#### THE TASK:
The result should be an exact copy of only the lines from the one holding "White wall with closed shatter windows" through the last line of the data below, please, without pictures.

#### DATA TO PROCESS:
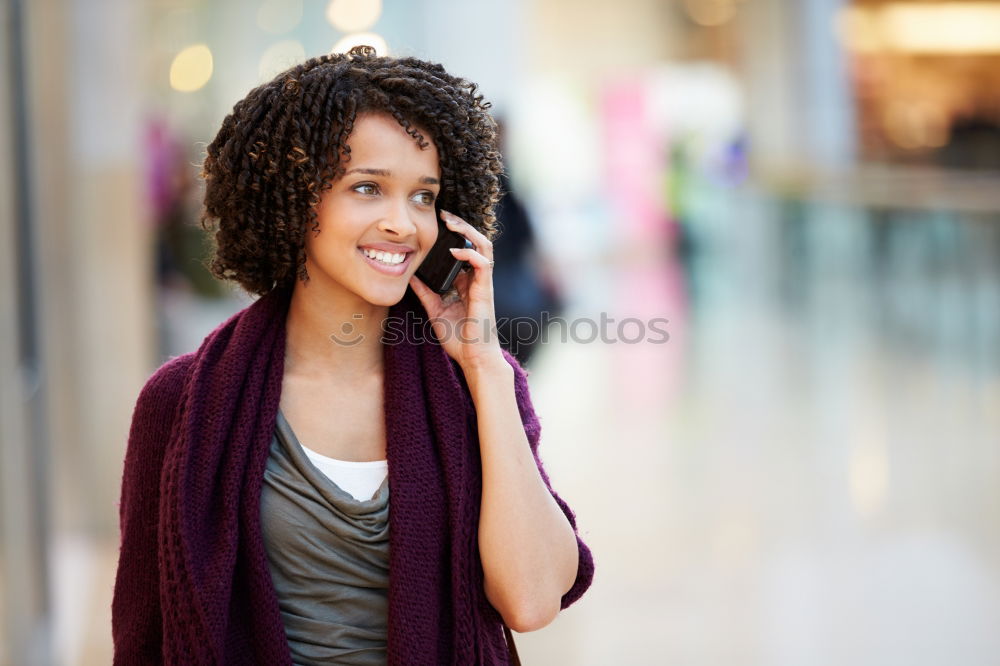 Similar – Image, Stock Photo Portrait of a cheerful young african woman standing outdoors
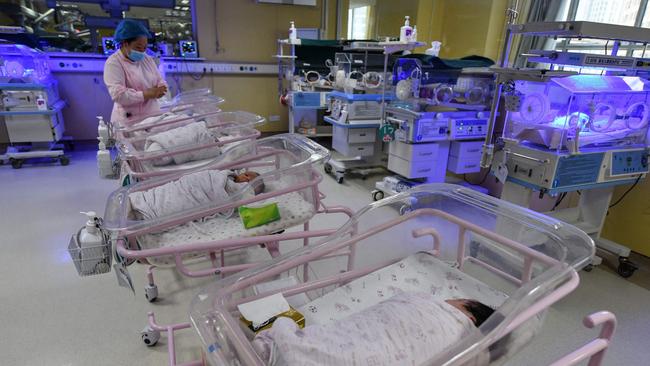 A medic takes care of a newborn baby in the paediatric ward of a hospital in Fuyang in China's eastern Anhui province. Picture: AFP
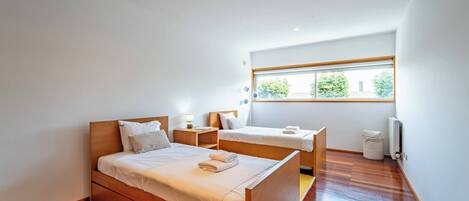 Een slaapkamer met een groot bed, een kleiner bed, een raam en een radiator.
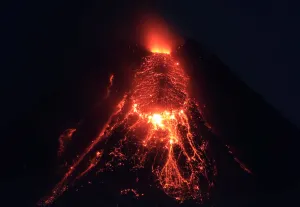 Philippines Prints: Lava flows from the crater of Mount Mayon Volcano during an eruption in Legazpi city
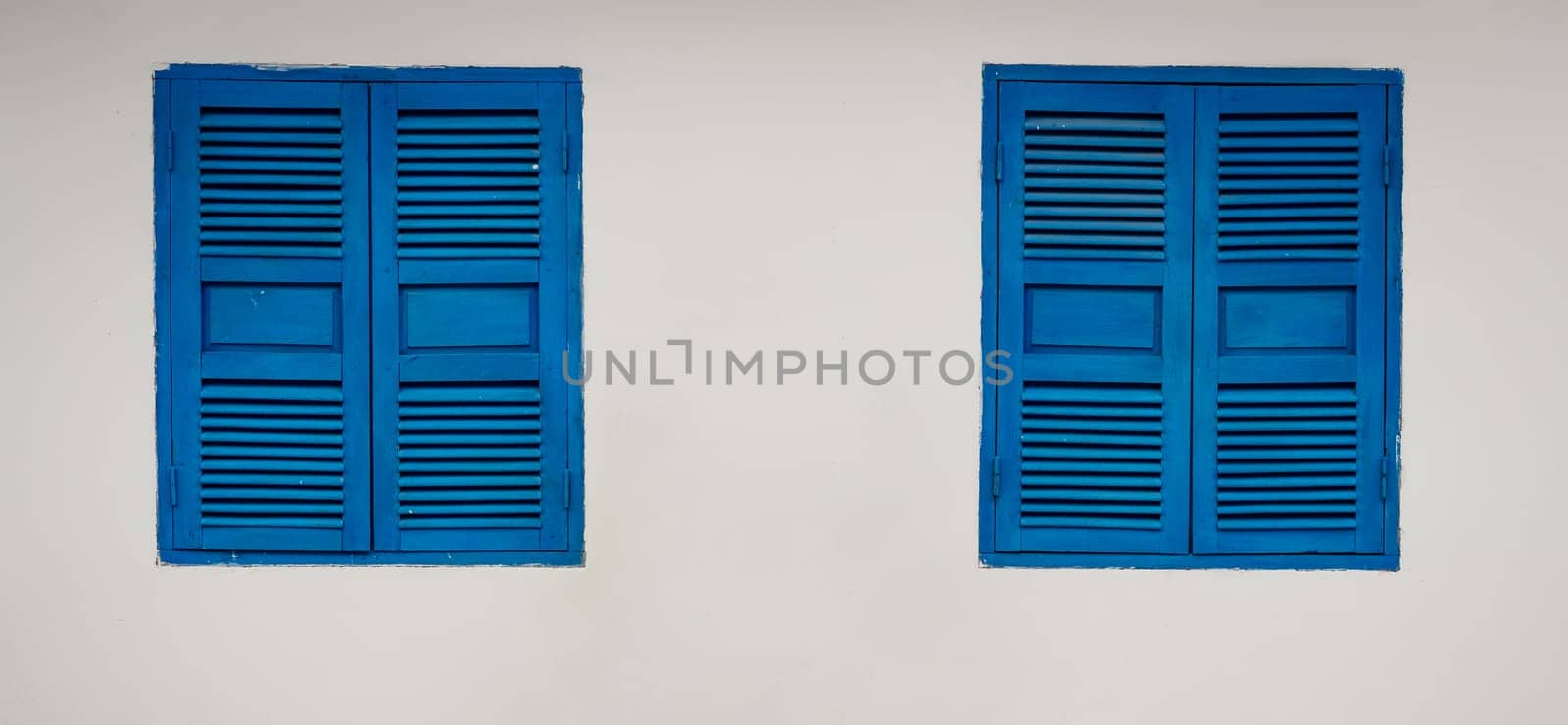 White wall with closed shatter windows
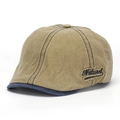 Side view detail of a vintage washed denim flat cap featuring 'Natural' embroidered patch. - One Size / Light Coffee With Blue Brim (F)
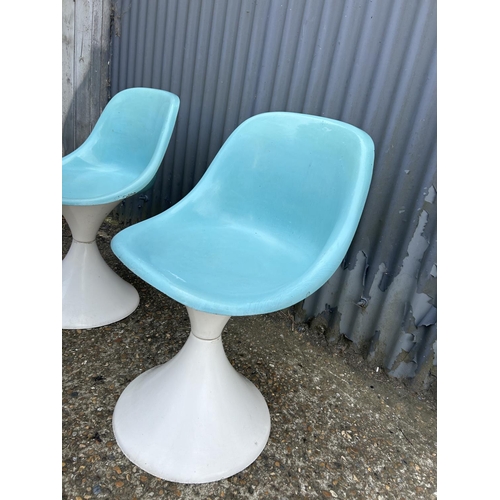 162 - A set of three blue and white plastic tub chairs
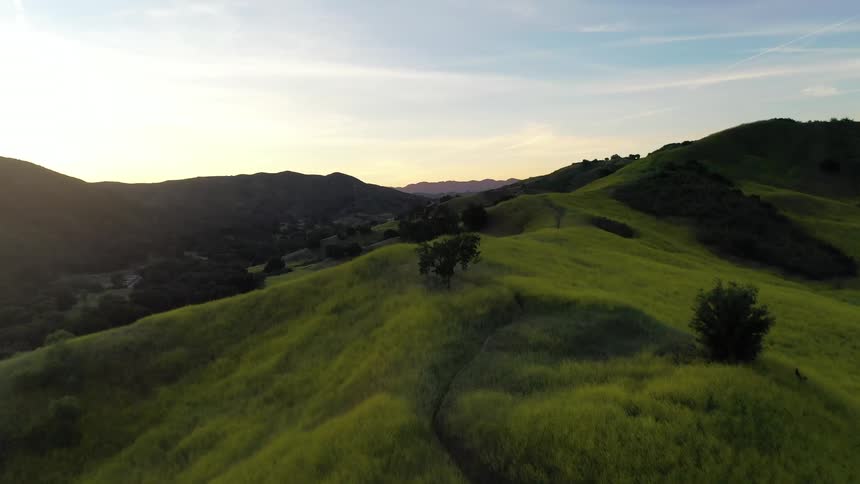 Winding path through green hills at sunset with mountains in the background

#### SOLUTION TO THIS EXERCISE:
 White wall with closed shatter windows
 Side view detail of a vintage washed denim flat cap featuring 'Natural' embroidered patch. - One Size / Light Coffee With Blue Brim (F)
 162 - A set of three blue and white plastic tub chairs
 Winding path through green hills at sunset with mountains in the background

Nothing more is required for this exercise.